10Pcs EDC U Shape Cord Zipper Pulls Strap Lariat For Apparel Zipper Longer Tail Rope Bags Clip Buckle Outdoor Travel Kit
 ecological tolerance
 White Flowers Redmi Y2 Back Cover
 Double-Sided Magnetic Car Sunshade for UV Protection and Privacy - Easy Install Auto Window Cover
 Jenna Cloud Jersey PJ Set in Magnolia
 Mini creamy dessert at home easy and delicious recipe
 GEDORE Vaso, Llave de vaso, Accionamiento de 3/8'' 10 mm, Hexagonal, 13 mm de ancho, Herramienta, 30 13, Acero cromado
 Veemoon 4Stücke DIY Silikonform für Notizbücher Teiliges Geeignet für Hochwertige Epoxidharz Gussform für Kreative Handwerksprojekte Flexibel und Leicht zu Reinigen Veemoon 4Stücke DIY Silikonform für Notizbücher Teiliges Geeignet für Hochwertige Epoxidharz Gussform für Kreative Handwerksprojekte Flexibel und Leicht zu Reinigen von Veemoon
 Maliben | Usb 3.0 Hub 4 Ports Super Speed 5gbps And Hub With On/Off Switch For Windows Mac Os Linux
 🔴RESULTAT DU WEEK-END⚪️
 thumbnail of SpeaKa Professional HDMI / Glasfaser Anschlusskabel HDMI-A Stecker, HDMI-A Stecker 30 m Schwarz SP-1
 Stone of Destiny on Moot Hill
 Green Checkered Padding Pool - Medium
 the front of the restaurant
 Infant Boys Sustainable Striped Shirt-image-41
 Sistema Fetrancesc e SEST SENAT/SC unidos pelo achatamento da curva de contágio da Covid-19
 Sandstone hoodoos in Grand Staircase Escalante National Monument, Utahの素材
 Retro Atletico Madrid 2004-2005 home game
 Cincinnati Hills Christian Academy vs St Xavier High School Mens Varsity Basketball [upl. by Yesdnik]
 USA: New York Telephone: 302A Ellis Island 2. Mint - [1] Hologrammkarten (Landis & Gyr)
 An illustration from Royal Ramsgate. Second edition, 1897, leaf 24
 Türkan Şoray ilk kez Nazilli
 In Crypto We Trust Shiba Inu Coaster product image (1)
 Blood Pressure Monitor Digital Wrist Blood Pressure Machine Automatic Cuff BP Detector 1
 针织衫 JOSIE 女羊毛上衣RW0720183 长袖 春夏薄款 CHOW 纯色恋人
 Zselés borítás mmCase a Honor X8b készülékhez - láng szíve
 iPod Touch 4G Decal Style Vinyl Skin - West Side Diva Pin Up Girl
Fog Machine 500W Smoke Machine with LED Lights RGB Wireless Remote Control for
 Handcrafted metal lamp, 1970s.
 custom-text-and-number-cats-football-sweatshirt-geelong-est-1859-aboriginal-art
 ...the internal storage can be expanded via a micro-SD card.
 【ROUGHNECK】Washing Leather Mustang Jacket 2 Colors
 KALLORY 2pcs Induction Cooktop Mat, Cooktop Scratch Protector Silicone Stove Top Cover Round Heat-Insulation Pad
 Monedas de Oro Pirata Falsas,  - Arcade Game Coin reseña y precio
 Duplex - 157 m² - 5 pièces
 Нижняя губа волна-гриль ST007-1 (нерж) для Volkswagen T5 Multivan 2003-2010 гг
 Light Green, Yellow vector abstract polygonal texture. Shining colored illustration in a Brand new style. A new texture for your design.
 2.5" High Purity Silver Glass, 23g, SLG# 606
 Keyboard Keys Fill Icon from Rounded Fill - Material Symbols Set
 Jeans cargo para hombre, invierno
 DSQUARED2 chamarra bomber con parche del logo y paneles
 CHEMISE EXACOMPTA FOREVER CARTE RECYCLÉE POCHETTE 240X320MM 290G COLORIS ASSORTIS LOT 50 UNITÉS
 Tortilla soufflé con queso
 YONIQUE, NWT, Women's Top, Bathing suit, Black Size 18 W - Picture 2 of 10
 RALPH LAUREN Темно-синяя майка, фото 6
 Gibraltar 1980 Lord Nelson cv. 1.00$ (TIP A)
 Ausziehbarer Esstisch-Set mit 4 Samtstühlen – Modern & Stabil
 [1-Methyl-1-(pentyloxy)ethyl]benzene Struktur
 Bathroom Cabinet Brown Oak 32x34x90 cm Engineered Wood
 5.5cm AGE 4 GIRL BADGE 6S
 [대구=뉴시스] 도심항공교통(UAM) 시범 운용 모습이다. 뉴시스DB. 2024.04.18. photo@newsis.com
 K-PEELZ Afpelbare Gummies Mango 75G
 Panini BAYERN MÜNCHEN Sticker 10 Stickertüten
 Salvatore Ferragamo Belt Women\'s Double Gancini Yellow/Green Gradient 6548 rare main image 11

..............................

Each line in the listing above is to be returned unchanged.

■ ANSWER SECTION:
10Pcs EDC U Shape Cord Zipper Pulls Strap Lariat For Apparel Zipper Longer Tail Rope Bags Clip Buckle Outdoor Travel Kit
 ecological tolerance
 White Flowers Redmi Y2 Back Cover
 Double-Sided Magnetic Car Sunshade for UV Protection and Privacy - Easy Install Auto Window Cover
 Jenna Cloud Jersey PJ Set in Magnolia
 Mini creamy dessert at home easy and delicious recipe
 GEDORE Vaso, Llave de vaso, Accionamiento de 3/8'' 10 mm, Hexagonal, 13 mm de ancho, Herramienta, 30 13, Acero cromado
 Veemoon 4Stücke DIY Silikonform für Notizbücher Teiliges Geeignet für Hochwertige Epoxidharz Gussform für Kreative Handwerksprojekte Flexibel und Leicht zu Reinigen Veemoon 4Stücke DIY Silikonform für Notizbücher Teiliges Geeignet für Hochwertige Epoxidharz Gussform für Kreative Handwerksprojekte Flexibel und Leicht zu Reinigen von Veemoon
 Maliben | Usb 3.0 Hub 4 Ports Super Speed 5gbps And Hub With On/Off Switch For Windows Mac Os Linux
 🔴RESULTAT DU WEEK-END⚪️
 thumbnail of SpeaKa Professional HDMI / Glasfaser Anschlusskabel HDMI-A Stecker, HDMI-A Stecker 30 m Schwarz SP-1
 Stone of Destiny on Moot Hill
 Green Checkered Padding Pool - Medium
 the front of the restaurant
 Infant Boys Sustainable Striped Shirt-image-41
 Sistema Fetrancesc e SEST SENAT/SC unidos pelo achatamento da curva de contágio da Covid-19
 Sandstone hoodoos in Grand Staircase Escalante National Monument, Utahの素材
 Retro Atletico Madrid 2004-2005 home game
 Cincinnati Hills Christian Academy vs St Xavier High School Mens Varsity Basketball [upl. by Yesdnik]
 USA: New York Telephone: 302A Ellis Island 2. Mint - [1] Hologrammkarten (Landis & Gyr)
 An illustration from Royal Ramsgate. Second edition, 1897, leaf 24
 Türkan Şoray ilk kez Nazilli
 In Crypto We Trust Shiba Inu Coaster product image (1)
 Blood Pressure Monitor Digital Wrist Blood Pressure Machine Automatic Cuff BP Detector 1
 针织衫 JOSIE 女羊毛上衣RW0720183 长袖 春夏薄款 CHOW 纯色恋人
 Zselés borítás mmCase a Honor X8b készülékhez - láng szíve
 iPod Touch 4G Decal Style Vinyl Skin - West Side Diva Pin Up Girl
Fog Machine 500W Smoke Machine with LED Lights RGB Wireless Remote Control for
 Handcrafted metal lamp, 1970s.
 custom-text-and-number-cats-football-sweatshirt-geelong-est-1859-aboriginal-art
 ...the internal storage can be expanded via a micro-SD card.
 【ROUGHNECK】Washing Leather Mustang Jacket 2 Colors
 KALLORY 2pcs Induction Cooktop Mat, Cooktop Scratch Protector Silicone Stove Top Cover Round Heat-Insulation Pad
 Monedas de Oro Pirata Falsas,  - Arcade Game Coin reseña y precio
 Duplex - 157 m² - 5 pièces
 Нижняя губа волна-гриль ST007-1 (нерж) для Volkswagen T5 Multivan 2003-2010 гг
 Light Green, Yellow vector abstract polygonal texture. Shining colored illustration in a Brand new style. A new texture for your design.
 2.5" High Purity Silver Glass, 23g, SLG# 606
 Keyboard Keys Fill Icon from Rounded Fill - Material Symbols Set
 Jeans cargo para hombre, invierno
 DSQUARED2 chamarra bomber con parche del logo y paneles
 CHEMISE EXACOMPTA FOREVER CARTE RECYCLÉE POCHETTE 240X320MM 290G COLORIS ASSORTIS LOT 50 UNITÉS
 Tortilla soufflé con queso
 YONIQUE, NWT, Women's Top, Bathing suit, Black Size 18 W - Picture 2 of 10
 RALPH LAUREN Темно-синяя майка, фото 6
 Gibraltar 1980 Lord Nelson cv. 1.00$ (TIP A)
 Ausziehbarer Esstisch-Set mit 4 Samtstühlen – Modern & Stabil
 [1-Methyl-1-(pentyloxy)ethyl]benzene Struktur
 Bathroom Cabinet Brown Oak 32x34x90 cm Engineered Wood
 5.5cm AGE 4 GIRL BADGE 6S
 [대구=뉴시스] 도심항공교통(UAM) 시범 운용 모습이다. 뉴시스DB. 2024.04.18. photo@newsis.com
 K-PEELZ Afpelbare Gummies Mango 75G
 Panini BAYERN MÜNCHEN Sticker 10 Stickertüten
 Salvatore Ferragamo Belt Women\'s Double Gancini Yellow/Green Gradient 6548 rare main image 11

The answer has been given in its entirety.